Implementing AI Streaming Response in a Mobile Application
Without streaming, an AI assistant is unacceptable to users. Waiting 5–10 seconds with blank screen before response appears—this is not "slow," it's "broken." Streaming via Server-Sent Events or WebSocket delivers first token in 300–600 ms, and user sees the model "thinking." Technically simple—the complexity is in proper stream handling on mobile without rendering artifacts.
iOS: AsyncBytes and SSE Parsing
Most LLM APIs return streaming via SSE (Server-Sent Events)—text protocol over HTTP. Each event: line data: {json}, blank line—separator.
On iOS, native way—URLSession + AsyncBytes, available since iOS 15:
func streamCompletion(request: URLRequest) -> AsyncThrowingStream<String, Error> {
AsyncThrowingStream { continuation in
Task {
let (bytes, response) = try await URLSession.shared.bytes(for: request)
guard (response as? HTTPURLResponse)?.statusCode == 200 else {
continuation.finish(throwing: APIError.badStatus)
return
}
for try await line in bytes.lines {
guard line.hasPrefix("data: ") else { continue }
let payload = String(line.dropFirst(6))
guard payload != "[DONE]" else {
continuation.finish()
return
}
if let data = payload.data(using: .utf8),
let chunk = try? JSONDecoder().decode(StreamChunk.self, from: data),
let delta = chunk.choices.first?.delta.content {
continuation.yield(delta)
}
}
}
}
}
Usage in ViewModel:
func sendMessage(_ text: String) {
Task { @MainActor in
currentResponse = ""
for try await token in streamCompletion(request: buildRequest(text)) {
currentResponse += token
}
}
}
@MainActor ensures UI update on main thread without explicit DispatchQueue.main.async.
Android: OkHttp + EventSource
On Android, no native SSE client. OkHttp—standard choice:
class SSEClient(private val client: OkHttpClient) {
fun stream(request: Request): Flow<String> = callbackFlow {
val call = client.newCall(request)
call.enqueue(object : Callback {
override fun onResponse(call: Call, response: Response) {
response.body?.source()?.let { source ->
while (!source.exhausted()) {
val line = source.readUtf8Line() ?: break
if (line.startsWith("data: ")) {
val payload = line.removePrefix("data: ")

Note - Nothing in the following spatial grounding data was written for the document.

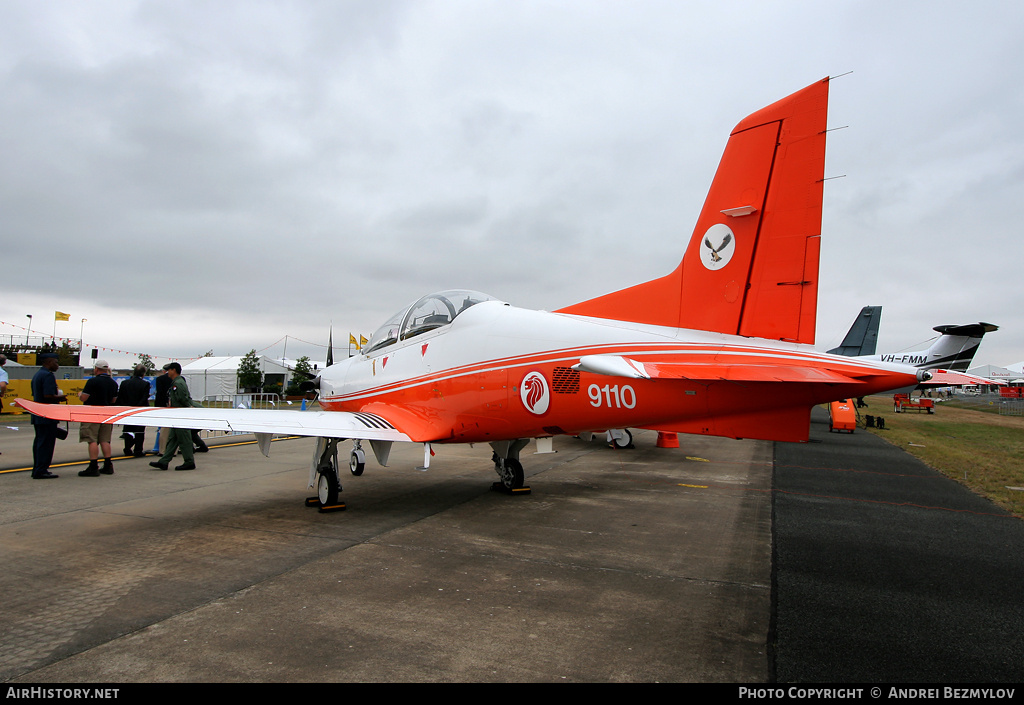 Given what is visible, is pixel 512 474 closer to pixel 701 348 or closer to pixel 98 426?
pixel 701 348

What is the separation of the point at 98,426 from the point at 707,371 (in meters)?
9.92

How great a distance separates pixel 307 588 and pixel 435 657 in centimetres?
162

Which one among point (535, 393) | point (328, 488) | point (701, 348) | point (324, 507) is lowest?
point (324, 507)

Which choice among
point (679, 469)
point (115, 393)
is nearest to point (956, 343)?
point (679, 469)

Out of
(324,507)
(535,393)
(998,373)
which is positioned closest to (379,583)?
(535,393)

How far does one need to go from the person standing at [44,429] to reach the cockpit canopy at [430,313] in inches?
224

if (payload == "[DONE]") {
close()
return
}
// parse JSON, extract delta
trySend(extractDelta(payload))
}
}
}
close()
}
override fun onFailure(call: Call, e: IOException) = close(e)
})
awaitClose { call.cancel() }
}
}
callbackFlow—correct way to turn callback-based OkHttp into Kotlin Flow. trySend instead of send—doesn't block thread.
For Flutter: http package doesn't support SSE. Use dio with ResponseType.stream or dart:io HttpClient directly.
Text Rendering During Streaming
Here's where most mistakes happen: if response has Markdown (bold, code, lists), render carefully. Problem: Markdown parser sees incomplete constructs—e.g., **bold without closing **—and renders artifacts.
Two approaches:
- Render only complete blocks—buffer accumulates until closing token, then renders. Clean result, adds latency.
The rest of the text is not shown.